Tra gli adulti con meno di 65 anni, il 72% ha una formazione universitaria, fra cui il 23% ha un master. L’ambito di studi più diffuso è quella economico, seguito da ingegneria, professioni sanitarie, pedagogia e giurisprudenza. Il 39% parla inglese e il 30% parla già italiano. L’81% degli adulti in Ucraina lavorava e il 7% sta attualmente svolgendo un lavoro a distanza. L’11% sta lavorando in Italia: fra loro, una persona su tre lavora nei servizi domestici (badante/pulizie), seguiti da edilizia, ristorazione, educazione. Barriere linguistiche, mancanza di opportunità, mancanza di una residenza stabile, mancanza di documentazione e difficoltà nel riconoscimento dei titoli di studio sono i primi cinque ostacoli al lavoro.

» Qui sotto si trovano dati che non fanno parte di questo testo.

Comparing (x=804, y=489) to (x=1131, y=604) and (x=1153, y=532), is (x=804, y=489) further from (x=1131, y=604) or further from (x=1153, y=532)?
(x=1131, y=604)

Venendo ai minori, sui 601 profilati dall’indagine il 76% (459) sono in età scolare. Il 97% è in Italia con un genitore. Il 16% presenta una vulnerabilità. Il 56% sta frequentando una scuola italiana, il 23% sta frequentando sia la scuola italiana sia quella ucraina in dad, il 16% segue solo le lezioni della scuola ucraina e il 5% non sta frequentando alcuna scuola, pur essendo in età scolare. Moltissimi dei non iscritti presentano una vulnerabilità. Quattro minori su dieci sono alla ricerca di un corso di italiano.
In generale, nei nuclei ucraini profughi in Italia, quattro volte su dieci è presente una vulnerabilità: due terzi sono adulti e un terzo sono minori. Una volta su due si tratta di una condizione medica sanitaria specifica, una volta su quattro di una disabilità. Una persona su due non sa come accedere a un ospedale.